ISTA researchers create the smallest egg in history

World record: Tiniest egg ever.


An interdisciplinary research team from the Institute of Science and Technology Austria (ISTA) created the world’s tiniest egg using genetics and nanotechnology, marking a significant advancement in reproductive biology. This ground-breaking accomplishment, which measured less than a millimeter, sought to answer open questions in the field of embryology. Sadly, the nano-egg was lost just before it was published in specialized publications.

Teams under the direction of Carl-Philipp Heisenberg and Anna Kicheva focused their investigations on the early zebrafish embryonic stage. Measuring about four centimeters, these fish lay eggs that are only 0.7 mm in size. In addition to working with ants to raise eggs smaller than one millimeter, Professor Sylvia Cremer emphasizes the multidisciplinary teamwork at the Institute that resulted in the fundamental issue, “What is an egg—and how small can it be?”

Cell biologist Calin Guet, the biosynthetic approach, said, “That’s why we egged the in-house nanofabrication and electron microscopy facilities on creating the tiniest ovum ever!”

The researchers were about to publish their monovular twin paper in Nature and Science journals after years of laboratory work with 72 Ph.D. students in burnout: the smallest oval egg in history, with a volume five quadrillionth of a chicken egg.

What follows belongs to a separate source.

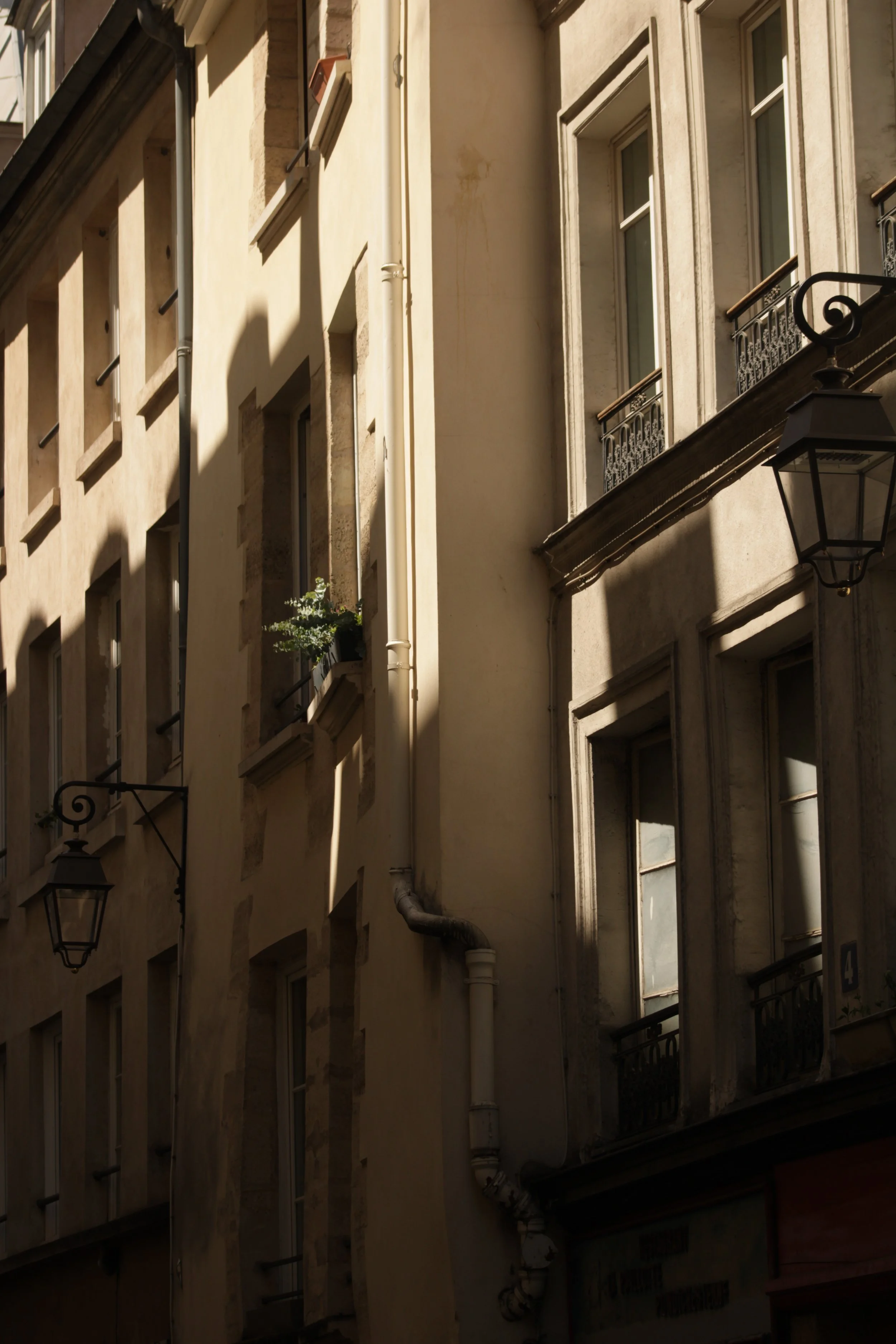 Close-up of a multi-story building facade with windows, wrought iron balconies, a street lamp, and shadows cast by neighboring structures.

Nanofabrication Facility. The nano-egg was created under the highest safety precautions in the Scientific Service Units of ISTA.
Nanofabrication Facility. The nano-egg was created under the highest safety precautions in the Scientific Service Units of ISTA. © Nadine Poncioni/ISTA

To put things into perspective, one standard scrambled egg would require 5,000,000,000,000,000 nano-eggs. With a length of 314 nanometers and a width of 271 nanometers, these nano-eggs are smaller than the wavelength of visible light. Therefore, they can only be seen using high-resolution imaging methods, such as those created by the Danzl Group.

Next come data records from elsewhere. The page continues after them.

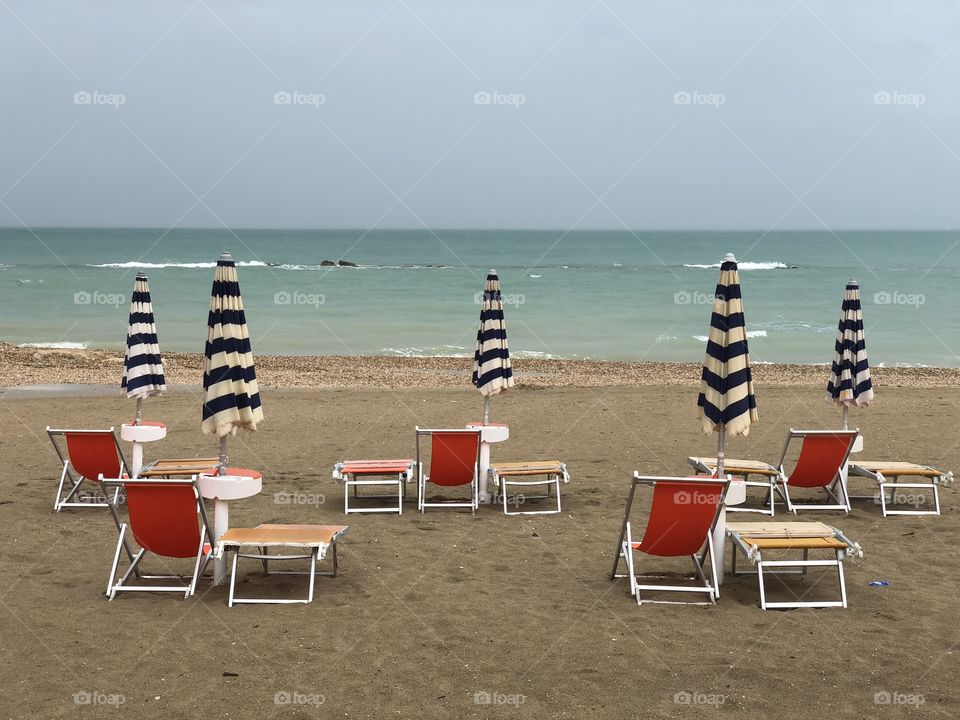 Rainy september day view over closed umbrellas and deck chairs on the beach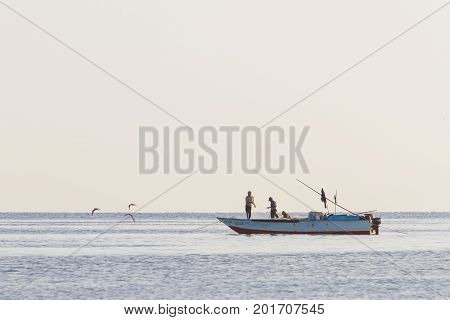 HURGADA EGYPT - October 10 2010. Fishermen fished with nets at sunset.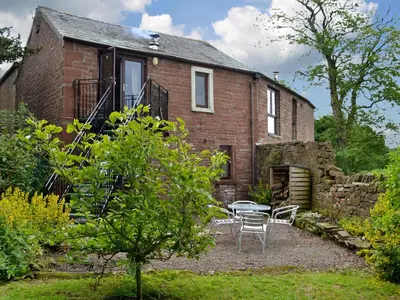 a brick house with a table and chairs in front of it at Grooms Cottage in Plumbland
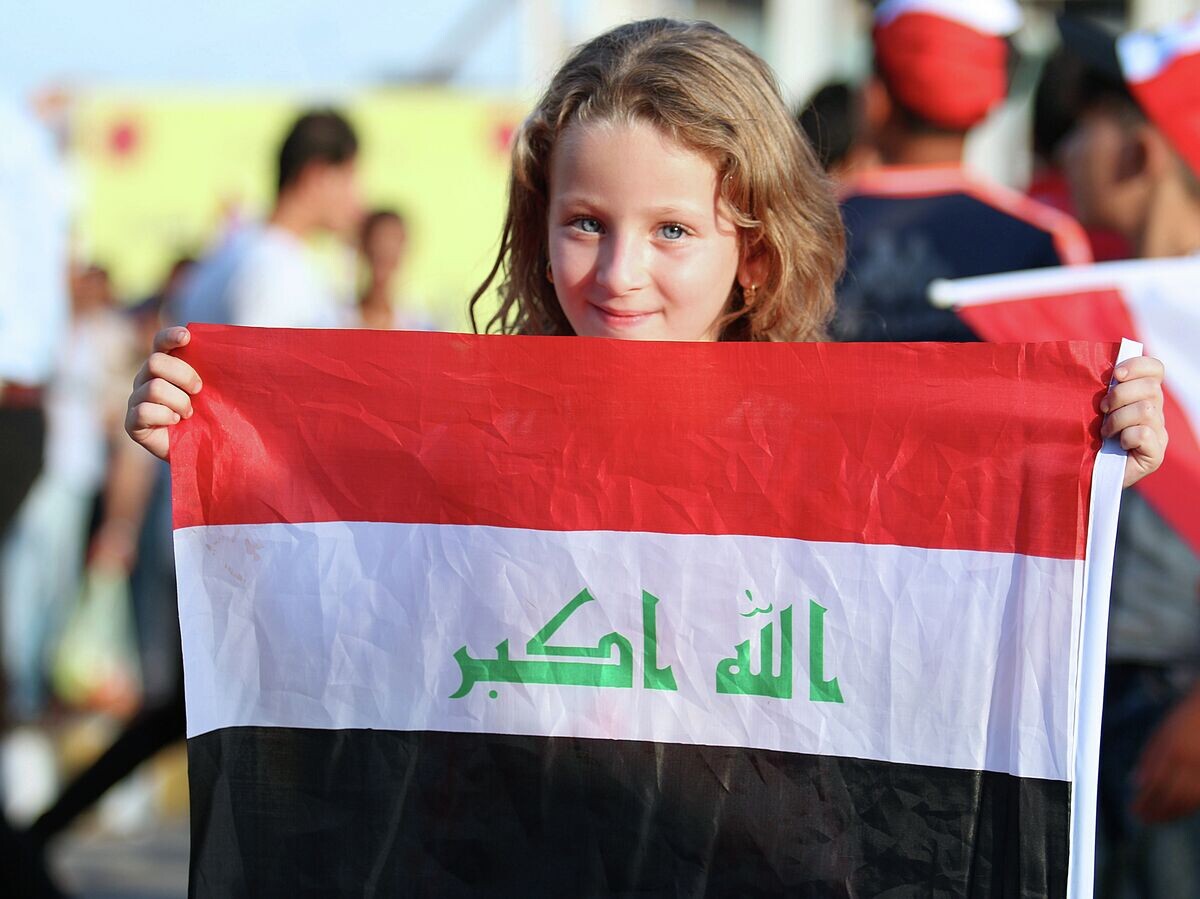    Девочка с национальном флагом Ирака© AFP / Haidar Mohammed Ali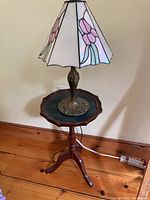 Side view showing wooden table with three legs and scalloped edge tabletop supporting stained glass lamp.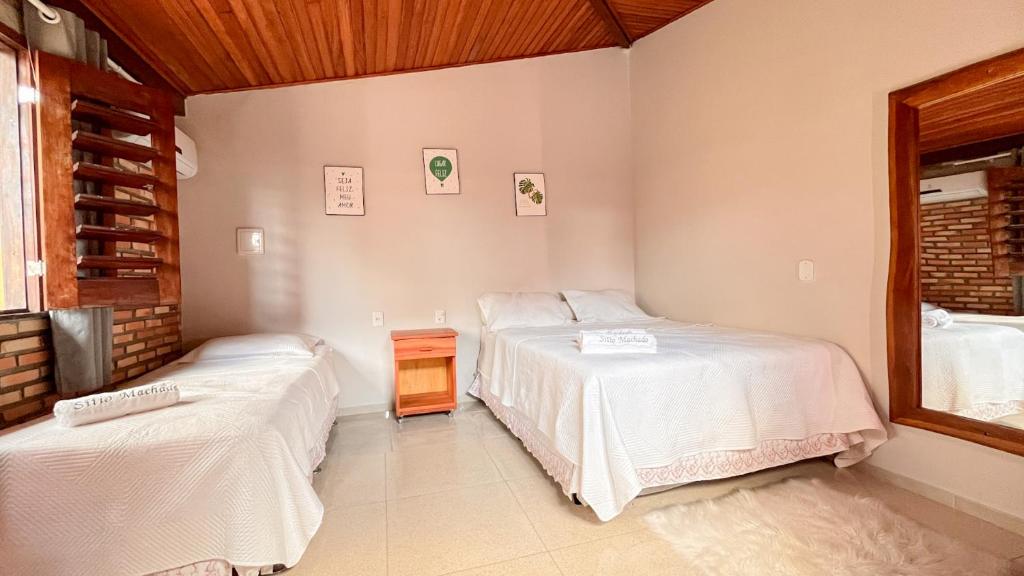 a bedroom with two beds and a tv in it at Pousada Sítio Machado in Viçosa do Ceará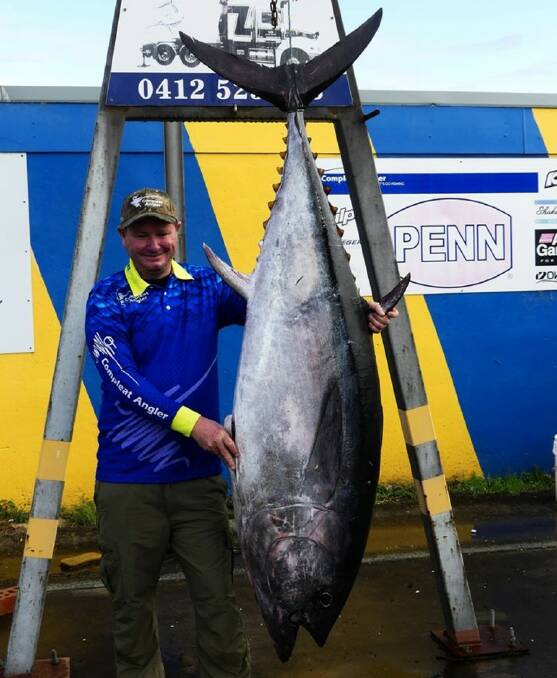 Blue heaven: Grant Hartley stands alongside his recent 112 kilo southern bluefin tuna. The best fish are being caught further south.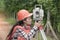 Female Surveyor or Engineer making measure by Theodolite on the street.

The extraordinary invention heralded as a victory for genetics and nanotechnology, has already caused a flurry of enthusiasm in the communities. But in the middle of the celebrations, something unexpected happened: the little egg disappeared out of sight.

Georgios Katsaros, nanoelectronics professor and Vice President for Scientific Resources, said“Despite the high-security storage, theft cannot be ruled out. The police are investigating.”

Professor Onur Hosten is brooding over his early quantum sensors. Based on the Hausel Group’s field theory eggquations, he describes the object as a quantum egg annihilated with its anti-egg – a fundamental egg that mirrors the original like one egg does the other but with the opposite curvature.